Task statement =>
Set down exactly the lines in the records below that run from the line with "godjogo,godjogo.com" to the line with "romerikesblad_nedre_seksjon-20130122_000_00_00_008.pdf", inclusive, and nothing more.

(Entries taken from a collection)
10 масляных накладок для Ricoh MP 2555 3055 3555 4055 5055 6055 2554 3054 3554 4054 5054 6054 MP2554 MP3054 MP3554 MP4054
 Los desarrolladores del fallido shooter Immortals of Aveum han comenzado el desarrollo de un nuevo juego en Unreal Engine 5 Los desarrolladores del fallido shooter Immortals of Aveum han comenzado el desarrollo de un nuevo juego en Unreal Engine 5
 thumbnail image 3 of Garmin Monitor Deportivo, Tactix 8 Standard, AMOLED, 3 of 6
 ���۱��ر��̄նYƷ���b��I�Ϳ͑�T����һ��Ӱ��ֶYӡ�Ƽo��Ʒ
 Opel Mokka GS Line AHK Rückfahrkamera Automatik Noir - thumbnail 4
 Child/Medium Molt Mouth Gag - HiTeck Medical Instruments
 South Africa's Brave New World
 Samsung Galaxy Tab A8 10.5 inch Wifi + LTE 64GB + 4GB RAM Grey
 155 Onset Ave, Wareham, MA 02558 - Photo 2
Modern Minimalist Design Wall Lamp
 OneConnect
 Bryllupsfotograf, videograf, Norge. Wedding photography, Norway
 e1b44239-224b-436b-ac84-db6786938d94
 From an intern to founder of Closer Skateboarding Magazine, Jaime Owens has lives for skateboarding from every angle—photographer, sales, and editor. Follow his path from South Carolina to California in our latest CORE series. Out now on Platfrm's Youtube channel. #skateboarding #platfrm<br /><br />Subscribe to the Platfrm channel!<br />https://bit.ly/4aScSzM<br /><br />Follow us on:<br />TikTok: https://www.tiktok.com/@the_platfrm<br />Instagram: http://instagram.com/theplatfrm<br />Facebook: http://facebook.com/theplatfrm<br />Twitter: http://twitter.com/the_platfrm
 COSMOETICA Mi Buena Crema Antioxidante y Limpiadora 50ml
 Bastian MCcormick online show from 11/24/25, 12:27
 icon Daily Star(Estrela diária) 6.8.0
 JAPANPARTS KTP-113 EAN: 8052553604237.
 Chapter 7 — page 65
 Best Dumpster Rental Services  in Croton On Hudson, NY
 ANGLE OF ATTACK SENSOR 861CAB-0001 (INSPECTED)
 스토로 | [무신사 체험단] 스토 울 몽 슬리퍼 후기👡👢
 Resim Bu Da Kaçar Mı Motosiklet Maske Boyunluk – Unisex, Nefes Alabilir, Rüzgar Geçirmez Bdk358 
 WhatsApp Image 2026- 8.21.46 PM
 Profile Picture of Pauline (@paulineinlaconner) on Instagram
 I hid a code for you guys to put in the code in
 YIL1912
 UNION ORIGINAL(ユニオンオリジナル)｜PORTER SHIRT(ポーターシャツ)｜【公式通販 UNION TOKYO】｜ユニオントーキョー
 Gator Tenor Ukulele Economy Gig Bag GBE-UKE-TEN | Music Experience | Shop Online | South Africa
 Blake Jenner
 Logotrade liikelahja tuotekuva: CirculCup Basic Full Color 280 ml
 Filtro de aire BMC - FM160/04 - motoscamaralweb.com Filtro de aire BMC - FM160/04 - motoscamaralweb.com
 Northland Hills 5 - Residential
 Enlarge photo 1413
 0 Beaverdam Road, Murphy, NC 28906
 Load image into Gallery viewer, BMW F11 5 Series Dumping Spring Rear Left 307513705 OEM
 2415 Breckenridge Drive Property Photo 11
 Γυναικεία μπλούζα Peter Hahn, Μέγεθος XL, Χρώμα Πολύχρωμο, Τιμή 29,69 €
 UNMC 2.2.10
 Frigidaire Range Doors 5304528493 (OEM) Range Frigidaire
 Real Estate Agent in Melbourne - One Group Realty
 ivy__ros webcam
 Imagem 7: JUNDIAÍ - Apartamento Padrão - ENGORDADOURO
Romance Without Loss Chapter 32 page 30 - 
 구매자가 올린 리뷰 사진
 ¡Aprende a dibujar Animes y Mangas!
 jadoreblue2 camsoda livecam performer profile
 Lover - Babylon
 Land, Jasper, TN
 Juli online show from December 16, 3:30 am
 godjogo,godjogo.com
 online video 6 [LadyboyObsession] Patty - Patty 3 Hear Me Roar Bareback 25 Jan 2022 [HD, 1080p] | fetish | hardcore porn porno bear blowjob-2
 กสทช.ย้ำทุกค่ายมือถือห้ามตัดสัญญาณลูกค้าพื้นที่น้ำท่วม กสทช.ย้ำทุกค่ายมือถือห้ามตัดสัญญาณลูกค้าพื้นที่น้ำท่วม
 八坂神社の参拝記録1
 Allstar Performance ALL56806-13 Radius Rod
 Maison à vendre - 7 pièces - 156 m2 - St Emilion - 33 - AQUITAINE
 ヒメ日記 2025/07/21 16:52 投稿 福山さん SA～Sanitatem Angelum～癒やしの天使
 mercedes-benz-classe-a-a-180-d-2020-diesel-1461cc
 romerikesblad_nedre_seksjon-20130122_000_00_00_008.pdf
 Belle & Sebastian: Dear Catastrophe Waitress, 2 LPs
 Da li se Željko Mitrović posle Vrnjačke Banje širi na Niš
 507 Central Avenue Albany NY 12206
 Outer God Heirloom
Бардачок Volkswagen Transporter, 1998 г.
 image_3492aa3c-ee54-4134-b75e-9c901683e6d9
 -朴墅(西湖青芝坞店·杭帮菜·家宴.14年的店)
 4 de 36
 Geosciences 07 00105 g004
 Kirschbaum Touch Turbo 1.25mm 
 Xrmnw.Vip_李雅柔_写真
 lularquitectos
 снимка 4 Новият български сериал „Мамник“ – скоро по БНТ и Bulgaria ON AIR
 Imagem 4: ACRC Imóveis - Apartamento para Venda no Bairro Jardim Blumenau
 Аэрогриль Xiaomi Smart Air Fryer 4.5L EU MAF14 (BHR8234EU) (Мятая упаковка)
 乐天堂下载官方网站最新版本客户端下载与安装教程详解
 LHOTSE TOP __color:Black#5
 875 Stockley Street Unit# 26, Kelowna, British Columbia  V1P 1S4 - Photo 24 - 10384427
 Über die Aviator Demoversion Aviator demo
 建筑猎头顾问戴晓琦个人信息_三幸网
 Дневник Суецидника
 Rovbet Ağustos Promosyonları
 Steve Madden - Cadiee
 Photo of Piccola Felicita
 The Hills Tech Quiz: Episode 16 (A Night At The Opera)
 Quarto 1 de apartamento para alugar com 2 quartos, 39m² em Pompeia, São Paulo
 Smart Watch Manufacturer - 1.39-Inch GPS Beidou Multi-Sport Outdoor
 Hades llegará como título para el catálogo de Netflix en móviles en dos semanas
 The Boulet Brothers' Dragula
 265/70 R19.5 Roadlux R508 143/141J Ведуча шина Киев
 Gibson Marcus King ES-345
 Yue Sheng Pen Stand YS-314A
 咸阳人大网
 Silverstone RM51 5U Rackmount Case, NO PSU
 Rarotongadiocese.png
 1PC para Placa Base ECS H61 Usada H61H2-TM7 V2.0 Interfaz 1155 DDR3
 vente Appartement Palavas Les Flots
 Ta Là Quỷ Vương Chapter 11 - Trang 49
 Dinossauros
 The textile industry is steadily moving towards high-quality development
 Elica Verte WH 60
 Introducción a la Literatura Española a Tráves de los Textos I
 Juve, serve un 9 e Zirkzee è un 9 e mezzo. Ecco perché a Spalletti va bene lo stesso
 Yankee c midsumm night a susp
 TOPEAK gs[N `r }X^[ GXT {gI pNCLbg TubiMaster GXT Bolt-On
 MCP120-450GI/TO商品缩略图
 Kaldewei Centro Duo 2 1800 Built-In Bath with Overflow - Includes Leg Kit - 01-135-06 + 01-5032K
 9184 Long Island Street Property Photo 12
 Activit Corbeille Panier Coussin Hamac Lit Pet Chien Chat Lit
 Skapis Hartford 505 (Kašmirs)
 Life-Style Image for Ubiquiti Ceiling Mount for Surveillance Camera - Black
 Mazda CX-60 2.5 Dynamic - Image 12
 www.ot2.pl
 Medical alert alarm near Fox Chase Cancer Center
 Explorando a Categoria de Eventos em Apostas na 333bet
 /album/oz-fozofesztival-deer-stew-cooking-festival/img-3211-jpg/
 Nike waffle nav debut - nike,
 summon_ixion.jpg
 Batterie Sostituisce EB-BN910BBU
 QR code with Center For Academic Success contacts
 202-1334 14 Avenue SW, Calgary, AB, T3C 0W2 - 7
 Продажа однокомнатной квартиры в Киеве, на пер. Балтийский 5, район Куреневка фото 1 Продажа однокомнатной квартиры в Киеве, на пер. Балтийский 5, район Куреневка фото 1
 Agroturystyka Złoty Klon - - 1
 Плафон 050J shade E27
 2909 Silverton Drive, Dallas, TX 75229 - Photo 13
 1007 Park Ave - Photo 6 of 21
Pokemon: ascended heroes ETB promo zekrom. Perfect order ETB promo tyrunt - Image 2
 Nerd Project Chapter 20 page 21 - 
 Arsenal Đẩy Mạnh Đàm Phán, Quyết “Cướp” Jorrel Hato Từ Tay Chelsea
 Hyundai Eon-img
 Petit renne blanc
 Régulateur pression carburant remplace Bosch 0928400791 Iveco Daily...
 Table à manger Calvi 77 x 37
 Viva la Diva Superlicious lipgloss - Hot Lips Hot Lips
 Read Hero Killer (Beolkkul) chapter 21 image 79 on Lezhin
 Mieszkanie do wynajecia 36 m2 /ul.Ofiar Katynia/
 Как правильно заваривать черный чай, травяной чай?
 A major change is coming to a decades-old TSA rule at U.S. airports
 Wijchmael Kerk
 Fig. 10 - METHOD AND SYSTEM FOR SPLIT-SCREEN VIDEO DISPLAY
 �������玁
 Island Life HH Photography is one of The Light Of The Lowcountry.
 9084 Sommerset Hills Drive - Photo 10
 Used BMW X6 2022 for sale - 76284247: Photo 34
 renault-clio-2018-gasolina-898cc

Response for this exercise =>
 godjogo,godjogo.com
 online video 6 [LadyboyObsession] Patty - Patty 3 Hear Me Roar Bareback 25 Jan 2022 [HD, 1080p] | fetish | hardcore porn porno bear blowjob-2
 กสทช.ย้ำทุกค่ายมือถือห้ามตัดสัญญาณลูกค้าพื้นที่น้ำท่วม กสทช.ย้ำทุกค่ายมือถือห้ามตัดสัญญาณลูกค้าพื้นที่น้ำท่วม
 八坂神社の参拝記録1
 Allstar Performance ALL56806-13 Radius Rod
 Maison à vendre - 7 pièces - 156 m2 - St Emilion - 33 - AQUITAINE
 ヒメ日記 2025/07/21 16:52 投稿 福山さん SA～Sanitatem Angelum～癒やしの天使
 mercedes-benz-classe-a-a-180-d-2020-diesel-1461cc
 romerikesblad_nedre_seksjon-20130122_000_00_00_008.pdf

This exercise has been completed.